Marc Simmons, Front Inc.’s founding principle and professor of architecture at MIT, visited the Stamps Auditorium of the Walgreen Drama Center this last Tuesday to demystify such techniques for a crowd mainly comprised of head-in-the-clouds students of Taubman College of Architecture and Urban Planning.
The defined role of most architecture firms in the present day is to conceptualize buildings with minimum specificity — specifics maybe down to, say, the size of window frames and panes — and pass these drawings on to manufacturers for shop drawings with precise dimensions to be made. My education at Taubman College reflects this expectation. That’s not what Front Inc. is about.
Take Zaha Hadid’s Morpheus Hotel in Macau. This is the elaboration, the ambition, the ceremony, the pomp that points us to the future. Hadid’s projects are known throughout the world for their supermodernity; that is, their singular forms that swoop into our view and captivate. Unlike in the U.S. and Europe, growing tourist hubs like Macau have the means and motivations to support such escapades.
And Front has the technical expertise to realize such designs. This expertise manifests itself in the company’s ability to develop an in-house Rhino (3D modeling software) program extension that tracks and lays out all 1.6 million parts. This isn’t drawing done by hand, nor is this drawing isn’t done by selecting the “line” command in Rhino — no, this drawing is automatically generated and laid out by data sheets. Simmons showed images of this software throughout, consistently noting that they were “rhetorical”: They communicate how unfathomably complex the structure is, nothing else.
Front Inc. doesn’t make concept drawings for some manufacturer to interpret and adapt to industry standards; rather, they scrutinize these standards themselves. They run their own calculations and essentially rewrite the rules for how buildings can look and perform. For 2050 M Streetin Washington D.C., the firm in charge of design proposed a façade of several hundred modular panels of curved glass. Glass is hard enough to deal with in glass cubebuildings because it’s a poor insulator, expands quickly and by code must be energy efficient (often giving it an off-putting tint or reflectivity).
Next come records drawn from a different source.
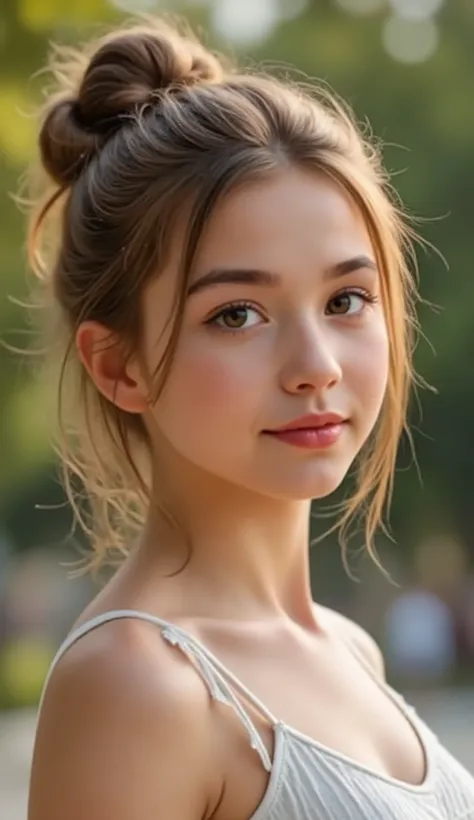 🌟 :

    "high resolution, photorealistic, with natural lighting and soft transitions. professional quality, like modern fashion photography."

🌌 :

    "outdoor shots at various locations: 1) A sunny park with blooming trees in the background, 2) an urban...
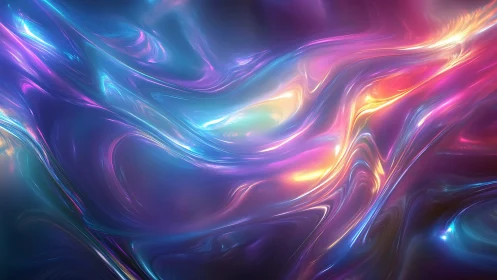 Iridescent plasma waves form fluid light trails with high chroma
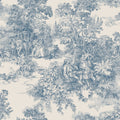 Toile de Jouy Light Blue and Beige Adorn Wallpaper by Boråstapeter
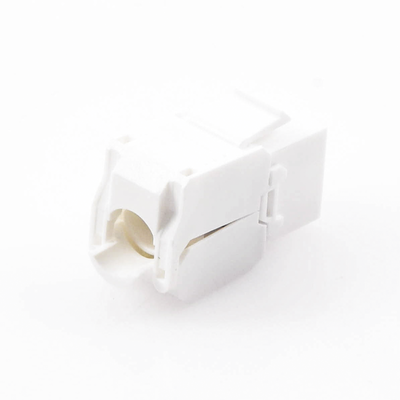 Módulo Jack Keystone Cat6A (toolless)  con terminación en ángulo 180 º Color Blanco  Compatible con Faceplate y Patchpanel Linkedpro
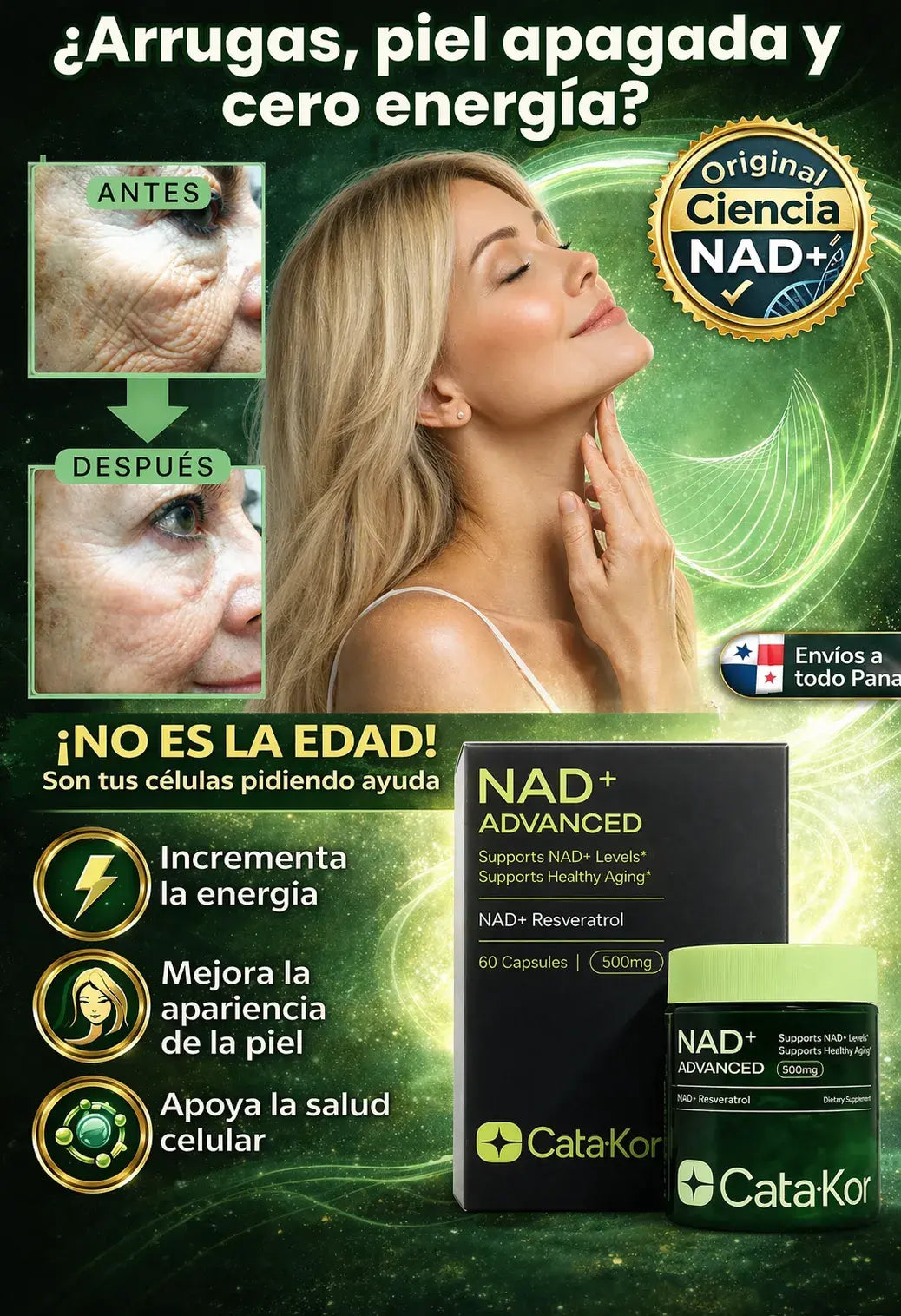 NAD+ Vital® Advanced - Recupera Tu Vitalidad y Juventud de Manera Natural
So to what ends did Front go so that the designers could have their pristine curved glass facade? Through calculation, they minimized the width of the meeting rail — the metal that joins the glass — beyond precedent. Their precision allowed for a one-pass installation with no adjustments for tolerance, saving time and money by making sure it was done right the first time (all the while doing something that’s never before been done before).
On top of fully designing such details themselves, Front Inc. hosts a mini design competition for all of their projects, paying all willing and able manufacturers to build a performance mockup — an exact replica — of a particular corner of that building. Then they fly out any number of their 40 employees over three continents to evaluate just how perfect these models are. In every case, the project owner pays in full whatever price these manufacturers name to make such mockups. That’s how much trust there is that Front will get it right. And they always have.
In 17 years of some of the most ambitious engineering work in the industry, Front Inc. has a claims record with their insurance company that is 100 percent clean. Simmons has done façades ranging from $30/square foot to $1500/square foot, and the same discipline is applied to each.
“For whatever it’s worth … it’s possible,” concluded Simmons.